Confronted
with the subject of paedophilia, we typically have two responses: either
we shrug it off because it doesn't seem to affect us or we condemn it
utterly, because it is so terribly wrong. Fundamentally Happy
articulates the emotional and social complexities of paedophilia magnificently,
examining the apathetic response while hammering every button on the
emotional console (tension, anger, hate, love, denial, pain) and exploring
the condemnatory response without arousing knee-jerk reactions of disgust
or condemnation in its audience.
Fundamentally Happy is also an epic yet fiercely intimate
tragedy of love and loss; it is about emotion and conflict as much as
it is emotional and conflicting. Approaching paedophilia with a calm,
fierce authority, Haresh Sharma channels a comprehensive vision through
a single person's story, recreating a specific and finite set of events
that transforms Fundamentally Happy into a spectacle adequate
to its incendiary subject matter.
Eric (Chua Enlai), a thirty-year old social worker, returns to his
childhood neighbourhood and looks for the home of his old neighbours.
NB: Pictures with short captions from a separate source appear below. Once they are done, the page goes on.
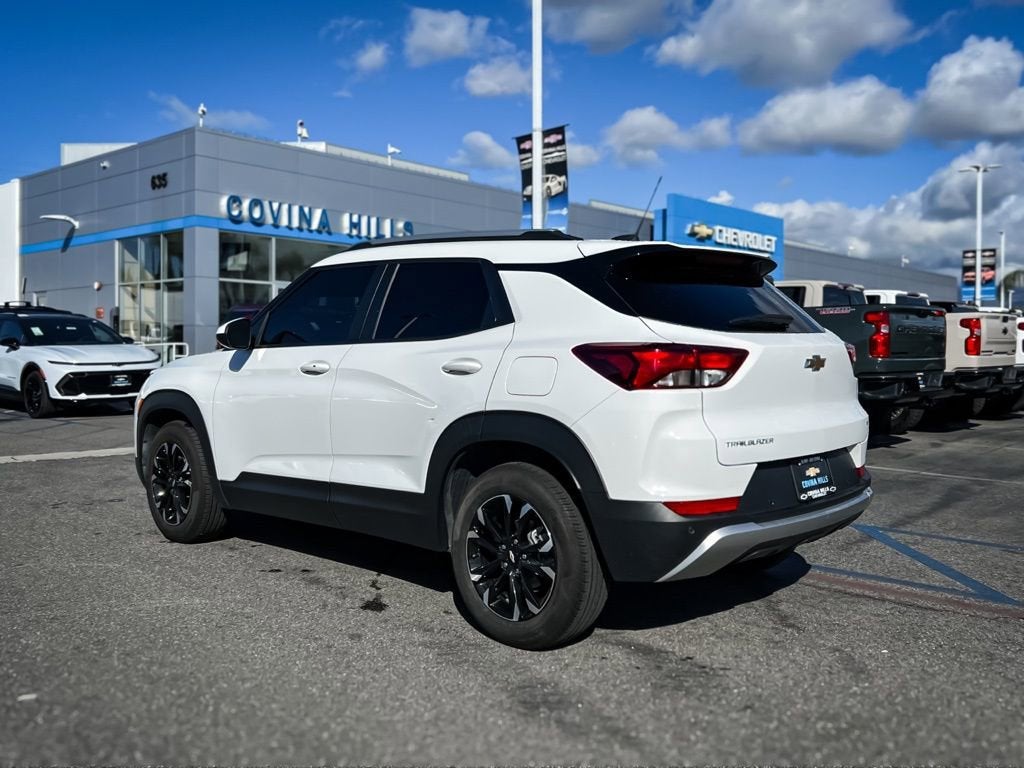 2023 Chevrolet Trailblazer LT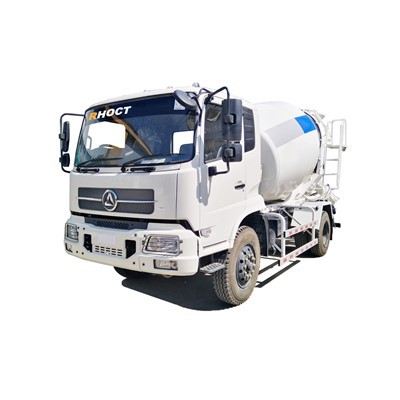 Cummins 8.9L dvigatelli LHD yoki RHD bilan 6 × 4 traktor yuk mashinasi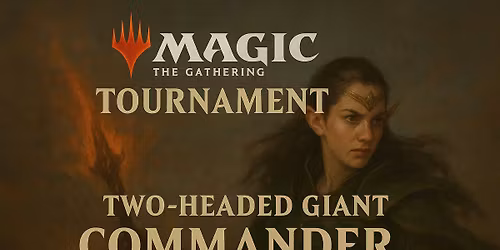 Magic the Gathering Tournament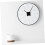 Silent Quartz Wall Clock Movement Replacement Kit – Easy DIY Installation, Durable Metal Construction 4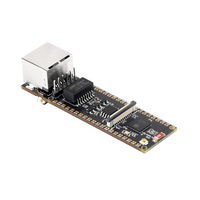 ESP32-S3 ETH Geliştirme Kartı 10/100Mbps RJ45 Ethernet Portu Wi-Fi ve 240MHz Desteği ESP32 Ethernet Geliştirme Kartı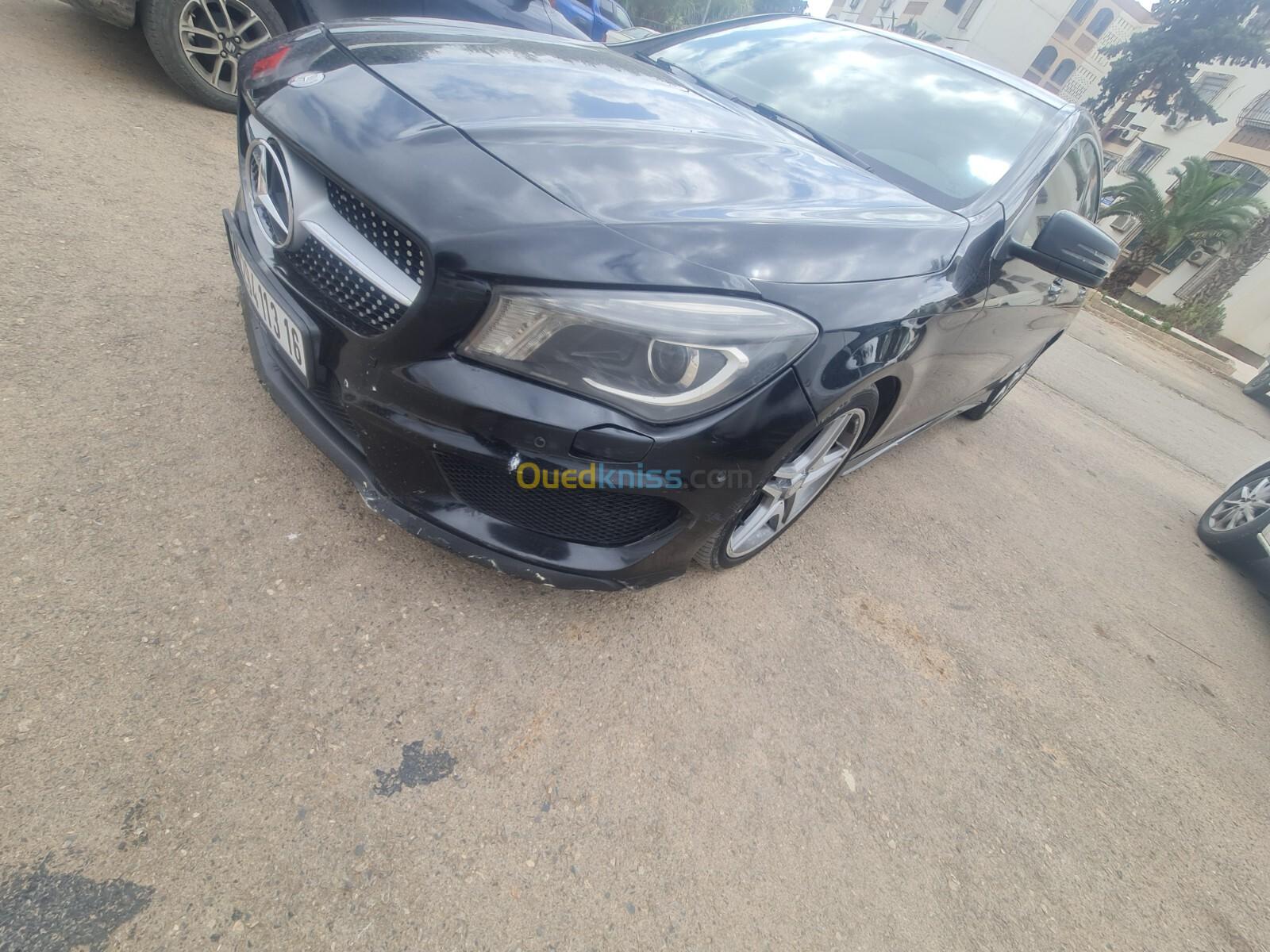 Mercedes CLA 2013 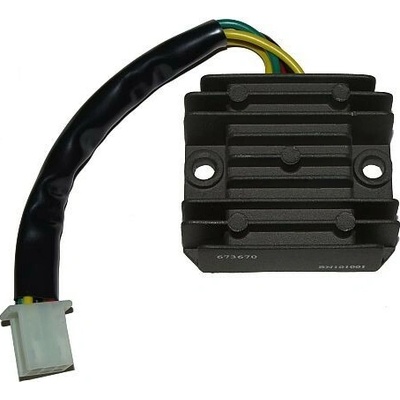 ELECTROSPORT regulátor napětí HONDA XL250R 84-87, XL350R 84-85, XL500R 82, XL600R 83-87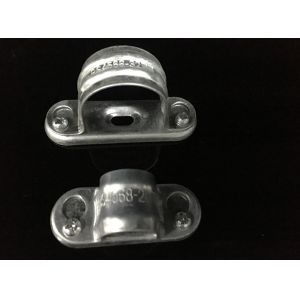 Spacer Bar Saddle With Base BS4568 Conduit Fitting Accessory Two-hole Strap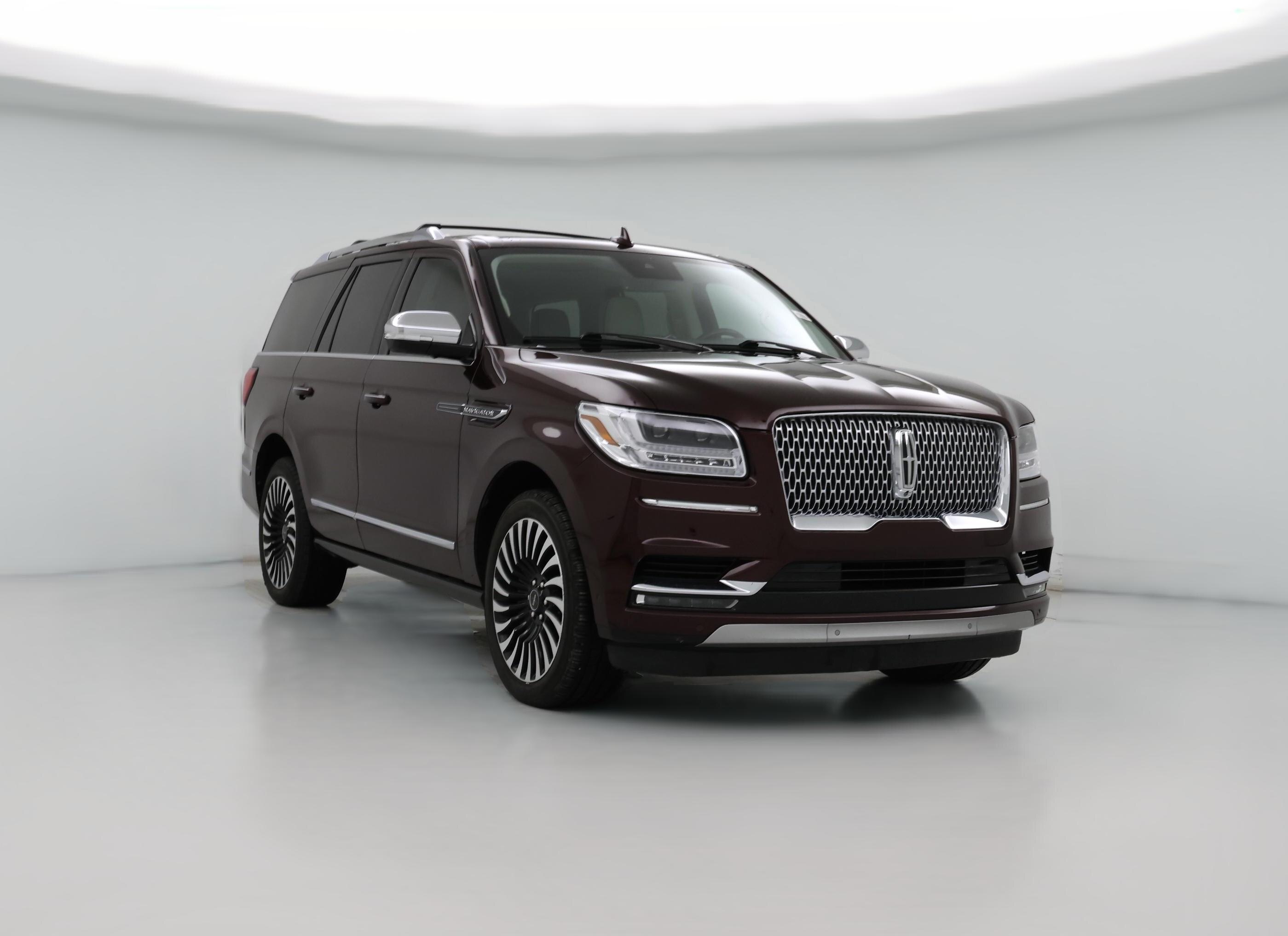 Thumbnail: 2020 Lincoln Navigator - 1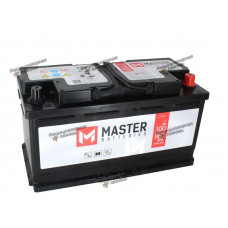 Master Batteries 6СТ- 100 (о.п.)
He finds that the couple, Uncle Ismail (who never appears) and Habiba
(Aidli "Alin" Mosbit) are still living there, older and with children.
Habiba ushers Eric - and the deep, dark secret he brings with him -
into their house with enthusiasm. As Habiba and Eric fondly recall "the
old days", Eric shockingly reveals that Uncle Ismail is a paedophile
who abused him as a child - and with this information, he throws all
their lives into a series of emotional hairpin turns.
In something as seemingly unambiguous as paedophilia, we instinctively
delineate the roles of victim (child and family) and aggressor (paedophile).
Refuting this deceptive illogic, Sharma evinces the many faces of victimisation
through brilliant sleight of hand. Eric's strained reiteration "I am
blessed... and I do... I truly feel blessed" in his early effusive banter
with Habiba is already an ironic indication of his vulnerability, while
Habiba, in her startling insinuation that Eric seduced her husband,
cloaks her denial and desperation under the easy cover of aggression.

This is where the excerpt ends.